Bırakın Hatip Dicle’nin ifşaatlarını, sadece Habur’da yaşananlara bakılsa bile bir şeylerin ayarlandığına hükmetmek için dahi olmak mı gerekiyor?
CHP’nin konuyu gensoru ile Meclis’e getirmek istemesi her türlü takdirin üstündedir.
Habur’da olan hadise adalet kavramının siyasete nasıl oyuncak yapıldığının net vesikasıdır.
TEKELLEŞME...
Cevizli arazisi ve Unkapanı binası!
TEKEL özelleştirilirken ne hikmetse Cevizli’deki dev arazi özelleştirme kapsamına alınmadı ve Maliye’ye devredildi. Devreden ise Tayyip Erdoğan’ın başkanı olduğu Özelleştirme Yüksek Kurulu. Nasıl oldu, niçin oldu derken iş ortaya çıktı. 434 dönümlük muhteşem arazi bugün kabinede olan pek çok ismin danışman olduğu Ülker’e yani onun kurmayı düşündüğü üniversiteye verildi. İlginçtir bu haber medyada yer bulmadı; çünkü Ülker malum iyi reklam veren bir grup. Derken dün Necati Doğru yazdı, meğer Unkapanı’ndaki TEKEL binası da bir yandaşa verilmiş. Kamuoyunda ortakları çok tartışılan Medipol Sağlık Grubu, TEKEL’in İstanbul’daki Merkezine sahip oldu. Görüyorsunuz Kamu’nun değerli arazi ve binaları özelleştirme sürecinde bile birileri adına bloke ediliyor... Medya teslim alındı peki ya muhalefet kıyameti niçin koparmıyor?
SİYASİ...
İl başkanı valilerle, gümüş yüzüklü valiler!
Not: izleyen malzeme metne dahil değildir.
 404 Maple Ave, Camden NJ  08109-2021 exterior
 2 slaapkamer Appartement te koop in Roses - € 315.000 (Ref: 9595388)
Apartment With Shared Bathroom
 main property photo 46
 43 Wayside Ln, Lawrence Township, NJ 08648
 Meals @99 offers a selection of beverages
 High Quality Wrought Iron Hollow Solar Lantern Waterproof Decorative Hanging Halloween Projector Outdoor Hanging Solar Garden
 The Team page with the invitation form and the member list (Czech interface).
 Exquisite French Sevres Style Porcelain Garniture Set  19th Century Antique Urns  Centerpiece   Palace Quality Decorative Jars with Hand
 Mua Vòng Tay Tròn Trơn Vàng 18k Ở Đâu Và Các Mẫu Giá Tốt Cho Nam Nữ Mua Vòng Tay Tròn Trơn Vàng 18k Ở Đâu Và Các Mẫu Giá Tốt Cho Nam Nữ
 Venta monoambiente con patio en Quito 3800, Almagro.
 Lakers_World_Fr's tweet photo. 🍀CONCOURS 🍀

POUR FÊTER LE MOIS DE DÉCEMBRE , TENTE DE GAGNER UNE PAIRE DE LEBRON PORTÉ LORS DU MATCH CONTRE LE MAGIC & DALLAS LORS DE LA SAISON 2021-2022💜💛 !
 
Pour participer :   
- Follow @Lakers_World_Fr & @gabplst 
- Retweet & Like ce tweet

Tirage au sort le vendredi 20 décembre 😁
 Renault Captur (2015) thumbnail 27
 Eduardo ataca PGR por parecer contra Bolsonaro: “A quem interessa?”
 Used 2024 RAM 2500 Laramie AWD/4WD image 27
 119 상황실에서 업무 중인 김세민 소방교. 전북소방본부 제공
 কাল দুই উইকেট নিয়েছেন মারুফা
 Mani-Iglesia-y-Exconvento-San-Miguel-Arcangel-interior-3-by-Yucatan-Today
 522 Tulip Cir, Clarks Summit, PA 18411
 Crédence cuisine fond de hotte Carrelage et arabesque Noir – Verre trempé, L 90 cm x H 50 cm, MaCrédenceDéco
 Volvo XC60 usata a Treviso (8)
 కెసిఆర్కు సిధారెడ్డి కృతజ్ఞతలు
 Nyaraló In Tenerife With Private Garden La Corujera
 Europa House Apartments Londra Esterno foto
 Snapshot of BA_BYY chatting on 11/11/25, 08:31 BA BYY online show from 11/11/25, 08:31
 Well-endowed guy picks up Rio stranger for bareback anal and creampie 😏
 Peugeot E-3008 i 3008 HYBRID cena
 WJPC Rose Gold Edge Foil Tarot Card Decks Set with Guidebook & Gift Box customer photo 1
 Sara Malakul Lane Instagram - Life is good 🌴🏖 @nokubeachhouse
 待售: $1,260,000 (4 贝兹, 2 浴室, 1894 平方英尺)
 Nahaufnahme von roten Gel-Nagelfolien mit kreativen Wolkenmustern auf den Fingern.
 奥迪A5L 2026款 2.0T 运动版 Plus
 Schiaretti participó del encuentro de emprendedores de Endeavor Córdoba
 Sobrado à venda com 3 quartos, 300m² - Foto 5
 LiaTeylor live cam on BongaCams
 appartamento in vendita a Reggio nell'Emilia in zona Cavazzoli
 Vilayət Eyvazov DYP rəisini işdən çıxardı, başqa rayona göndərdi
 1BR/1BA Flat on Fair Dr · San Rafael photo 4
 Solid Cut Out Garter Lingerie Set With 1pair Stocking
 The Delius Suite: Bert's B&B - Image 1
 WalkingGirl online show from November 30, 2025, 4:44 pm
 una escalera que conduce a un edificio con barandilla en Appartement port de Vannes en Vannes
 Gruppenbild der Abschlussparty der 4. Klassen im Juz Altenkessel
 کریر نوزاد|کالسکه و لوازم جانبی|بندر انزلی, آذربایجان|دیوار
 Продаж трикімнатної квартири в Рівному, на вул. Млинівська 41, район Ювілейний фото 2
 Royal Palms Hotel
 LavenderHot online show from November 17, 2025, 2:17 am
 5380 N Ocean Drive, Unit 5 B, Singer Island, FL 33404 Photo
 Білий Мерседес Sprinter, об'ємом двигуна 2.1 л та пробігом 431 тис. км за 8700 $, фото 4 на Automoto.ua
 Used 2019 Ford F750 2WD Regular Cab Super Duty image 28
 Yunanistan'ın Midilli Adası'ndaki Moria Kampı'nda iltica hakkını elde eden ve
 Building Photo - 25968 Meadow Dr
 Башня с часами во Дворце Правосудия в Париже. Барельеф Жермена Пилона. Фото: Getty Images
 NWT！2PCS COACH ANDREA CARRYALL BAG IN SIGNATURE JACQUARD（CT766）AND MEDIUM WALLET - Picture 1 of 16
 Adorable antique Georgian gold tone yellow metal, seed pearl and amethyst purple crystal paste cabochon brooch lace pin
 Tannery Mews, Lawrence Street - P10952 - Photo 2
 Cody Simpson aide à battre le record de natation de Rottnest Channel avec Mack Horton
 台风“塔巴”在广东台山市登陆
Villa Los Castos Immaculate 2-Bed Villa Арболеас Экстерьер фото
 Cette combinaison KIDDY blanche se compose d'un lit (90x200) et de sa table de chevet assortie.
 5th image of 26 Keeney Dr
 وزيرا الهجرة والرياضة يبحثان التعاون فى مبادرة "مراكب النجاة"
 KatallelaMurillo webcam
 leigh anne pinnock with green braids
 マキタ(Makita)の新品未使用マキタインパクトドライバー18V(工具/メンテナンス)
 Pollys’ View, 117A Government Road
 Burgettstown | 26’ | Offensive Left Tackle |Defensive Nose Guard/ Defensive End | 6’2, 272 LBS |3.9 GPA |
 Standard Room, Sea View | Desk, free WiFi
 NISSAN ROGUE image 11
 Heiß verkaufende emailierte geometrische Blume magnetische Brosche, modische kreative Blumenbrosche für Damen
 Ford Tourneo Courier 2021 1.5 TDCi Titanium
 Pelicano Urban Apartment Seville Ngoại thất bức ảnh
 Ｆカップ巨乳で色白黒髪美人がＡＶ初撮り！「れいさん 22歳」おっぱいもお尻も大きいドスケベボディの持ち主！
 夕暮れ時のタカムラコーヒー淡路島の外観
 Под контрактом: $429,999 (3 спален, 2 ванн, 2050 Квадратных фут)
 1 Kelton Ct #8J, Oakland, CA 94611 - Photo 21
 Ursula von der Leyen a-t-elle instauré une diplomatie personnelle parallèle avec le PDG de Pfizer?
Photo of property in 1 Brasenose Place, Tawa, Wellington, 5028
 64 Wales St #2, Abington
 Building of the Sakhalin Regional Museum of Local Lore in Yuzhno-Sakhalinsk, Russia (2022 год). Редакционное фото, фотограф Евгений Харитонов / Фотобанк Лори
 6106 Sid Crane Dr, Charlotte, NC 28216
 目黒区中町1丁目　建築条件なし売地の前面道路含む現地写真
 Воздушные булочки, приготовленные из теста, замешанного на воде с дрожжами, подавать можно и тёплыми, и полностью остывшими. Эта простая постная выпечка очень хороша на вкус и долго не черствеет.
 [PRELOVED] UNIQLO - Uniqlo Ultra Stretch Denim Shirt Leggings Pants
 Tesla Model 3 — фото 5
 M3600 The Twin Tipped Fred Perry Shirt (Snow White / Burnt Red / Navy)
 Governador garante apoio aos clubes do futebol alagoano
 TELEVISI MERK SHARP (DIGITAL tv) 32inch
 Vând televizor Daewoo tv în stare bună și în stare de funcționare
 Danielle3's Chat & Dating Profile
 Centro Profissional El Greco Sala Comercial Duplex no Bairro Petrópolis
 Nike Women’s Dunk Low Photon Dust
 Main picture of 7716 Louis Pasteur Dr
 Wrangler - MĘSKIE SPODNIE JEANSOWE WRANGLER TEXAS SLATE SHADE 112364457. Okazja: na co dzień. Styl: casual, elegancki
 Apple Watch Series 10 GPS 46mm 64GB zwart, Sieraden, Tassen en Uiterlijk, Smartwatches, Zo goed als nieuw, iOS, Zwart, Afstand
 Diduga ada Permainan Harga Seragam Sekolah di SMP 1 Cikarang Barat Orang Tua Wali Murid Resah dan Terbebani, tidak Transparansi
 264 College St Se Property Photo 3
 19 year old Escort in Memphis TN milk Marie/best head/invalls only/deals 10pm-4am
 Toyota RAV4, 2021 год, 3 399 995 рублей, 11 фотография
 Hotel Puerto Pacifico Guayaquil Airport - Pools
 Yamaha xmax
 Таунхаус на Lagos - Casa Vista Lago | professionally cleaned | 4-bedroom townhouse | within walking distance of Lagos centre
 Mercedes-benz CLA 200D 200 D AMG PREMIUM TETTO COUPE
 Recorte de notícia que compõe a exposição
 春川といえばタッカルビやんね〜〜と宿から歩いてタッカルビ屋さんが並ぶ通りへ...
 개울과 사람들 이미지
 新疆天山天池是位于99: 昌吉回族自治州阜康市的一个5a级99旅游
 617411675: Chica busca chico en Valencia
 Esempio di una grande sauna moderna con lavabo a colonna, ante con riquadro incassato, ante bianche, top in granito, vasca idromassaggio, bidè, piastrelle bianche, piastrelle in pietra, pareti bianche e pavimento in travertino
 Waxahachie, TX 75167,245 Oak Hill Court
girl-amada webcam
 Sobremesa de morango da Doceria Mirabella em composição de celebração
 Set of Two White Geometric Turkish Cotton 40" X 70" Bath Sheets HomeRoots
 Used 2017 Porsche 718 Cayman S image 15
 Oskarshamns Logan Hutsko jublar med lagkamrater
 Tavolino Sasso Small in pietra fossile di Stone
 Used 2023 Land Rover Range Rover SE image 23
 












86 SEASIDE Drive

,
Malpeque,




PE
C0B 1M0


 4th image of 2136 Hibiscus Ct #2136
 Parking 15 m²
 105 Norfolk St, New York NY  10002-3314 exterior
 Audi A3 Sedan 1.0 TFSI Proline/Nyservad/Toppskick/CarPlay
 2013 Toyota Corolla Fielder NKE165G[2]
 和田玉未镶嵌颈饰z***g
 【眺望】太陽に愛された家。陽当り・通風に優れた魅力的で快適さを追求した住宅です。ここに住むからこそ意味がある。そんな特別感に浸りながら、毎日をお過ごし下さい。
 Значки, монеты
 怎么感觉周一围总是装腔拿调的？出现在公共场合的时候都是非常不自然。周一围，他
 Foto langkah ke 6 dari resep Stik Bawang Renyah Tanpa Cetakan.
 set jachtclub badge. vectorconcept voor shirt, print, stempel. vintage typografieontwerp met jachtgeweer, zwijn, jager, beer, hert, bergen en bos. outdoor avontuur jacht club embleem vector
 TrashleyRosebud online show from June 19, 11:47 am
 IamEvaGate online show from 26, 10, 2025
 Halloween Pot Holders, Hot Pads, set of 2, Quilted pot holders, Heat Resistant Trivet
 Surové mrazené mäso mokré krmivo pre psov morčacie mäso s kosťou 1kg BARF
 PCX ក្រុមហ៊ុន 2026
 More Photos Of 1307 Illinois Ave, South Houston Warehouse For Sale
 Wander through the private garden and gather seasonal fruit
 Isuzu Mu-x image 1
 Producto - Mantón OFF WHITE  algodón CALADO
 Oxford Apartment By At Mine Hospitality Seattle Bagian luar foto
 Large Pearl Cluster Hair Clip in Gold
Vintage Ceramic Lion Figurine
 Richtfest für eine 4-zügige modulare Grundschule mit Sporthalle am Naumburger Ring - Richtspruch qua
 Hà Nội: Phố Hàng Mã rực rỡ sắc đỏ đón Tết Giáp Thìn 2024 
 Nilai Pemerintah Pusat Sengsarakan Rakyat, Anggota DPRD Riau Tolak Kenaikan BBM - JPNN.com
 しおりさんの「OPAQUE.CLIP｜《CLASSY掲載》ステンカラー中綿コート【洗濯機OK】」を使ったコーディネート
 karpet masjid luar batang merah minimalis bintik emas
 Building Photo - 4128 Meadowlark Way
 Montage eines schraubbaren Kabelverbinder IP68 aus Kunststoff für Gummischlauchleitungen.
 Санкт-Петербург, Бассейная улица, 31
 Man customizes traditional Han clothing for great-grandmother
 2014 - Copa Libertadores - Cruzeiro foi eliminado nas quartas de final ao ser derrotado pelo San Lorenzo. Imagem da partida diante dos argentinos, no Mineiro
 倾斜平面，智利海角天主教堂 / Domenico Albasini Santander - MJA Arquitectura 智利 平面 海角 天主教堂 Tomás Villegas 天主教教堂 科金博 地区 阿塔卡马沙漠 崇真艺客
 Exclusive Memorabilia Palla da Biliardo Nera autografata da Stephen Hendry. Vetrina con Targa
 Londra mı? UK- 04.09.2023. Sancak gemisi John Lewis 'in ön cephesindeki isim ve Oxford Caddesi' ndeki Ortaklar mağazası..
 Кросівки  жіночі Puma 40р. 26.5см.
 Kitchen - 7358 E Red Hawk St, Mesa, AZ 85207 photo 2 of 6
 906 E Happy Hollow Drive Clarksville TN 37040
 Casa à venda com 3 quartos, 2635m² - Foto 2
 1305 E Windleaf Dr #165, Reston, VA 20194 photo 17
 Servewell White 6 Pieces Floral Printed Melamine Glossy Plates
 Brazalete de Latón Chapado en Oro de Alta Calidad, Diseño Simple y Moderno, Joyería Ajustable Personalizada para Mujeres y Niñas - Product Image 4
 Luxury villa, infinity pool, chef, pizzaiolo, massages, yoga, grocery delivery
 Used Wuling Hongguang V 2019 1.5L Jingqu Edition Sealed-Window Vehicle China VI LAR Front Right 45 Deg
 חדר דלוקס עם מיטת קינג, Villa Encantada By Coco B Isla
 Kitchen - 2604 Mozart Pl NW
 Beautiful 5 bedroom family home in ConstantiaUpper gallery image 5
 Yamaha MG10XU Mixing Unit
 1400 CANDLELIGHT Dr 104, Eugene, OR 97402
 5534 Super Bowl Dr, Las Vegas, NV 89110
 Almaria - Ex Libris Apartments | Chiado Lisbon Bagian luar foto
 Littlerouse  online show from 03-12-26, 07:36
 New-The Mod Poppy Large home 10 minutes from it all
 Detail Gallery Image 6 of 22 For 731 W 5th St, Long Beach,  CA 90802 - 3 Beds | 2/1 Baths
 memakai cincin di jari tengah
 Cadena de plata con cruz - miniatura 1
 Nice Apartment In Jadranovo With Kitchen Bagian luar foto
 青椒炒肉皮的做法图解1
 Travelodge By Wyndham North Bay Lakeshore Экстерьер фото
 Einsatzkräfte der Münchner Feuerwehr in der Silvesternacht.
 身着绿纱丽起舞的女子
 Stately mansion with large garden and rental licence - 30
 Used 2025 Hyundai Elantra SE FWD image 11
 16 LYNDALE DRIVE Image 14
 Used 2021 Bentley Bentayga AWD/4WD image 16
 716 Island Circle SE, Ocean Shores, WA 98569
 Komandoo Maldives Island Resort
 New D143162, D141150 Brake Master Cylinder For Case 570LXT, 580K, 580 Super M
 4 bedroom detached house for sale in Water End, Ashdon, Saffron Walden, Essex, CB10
Tek parti ya da Milli Şef döneminde rejimin bir gereği olarak Valiler devlet partisi olan CHP’nin aynı zamanda il başkanıydı. Malum AKP güruhu ve Tayyip Bey bu durumu sık sık istismarlarına malzeme yapar. Doğrudur; valilerin il başkanı olması elbette kabul edilemez ama o dönemde CHP zaten tek ve de devletin partisi idi. Dahası, CHP’nin adı sadece partiydi ki gerçekte kamunun siyasi örgütlenmesi hüviyetindeydi. Gelelim bugüne... Malum 1946 ama fiilen 1950 sonrası Türkiye’de düzen değişti ve çok partili sisteme geçildi. Dolayısı ile valilerin konumu dahil pek çok şey farklılaştı. Hal bu iken 1950’den bugüne ilk defa tıpkı Milli Şef günlerindeki gibi yine adeta siyasi valiler süreci başladı. Tamam fiili olarak il başkanlığı yok ama valilerin bazıları tartışmasız o işlevi görüyor. Buzdolabı dağıtanlardan, Başbakan’a kürsüde bir siyasi gibi açıktan methiye düzenlere kadar farklı vali örnekleri ilk defa bu dönemde ortaya çıktı. Literatürde bunların adı gümüş yüzüklü valilerdir ki, emin olun bunlar, il başkanı olan eski dönem valilerden bin kere daha hedefe oturtulmayı hak ediyorlar.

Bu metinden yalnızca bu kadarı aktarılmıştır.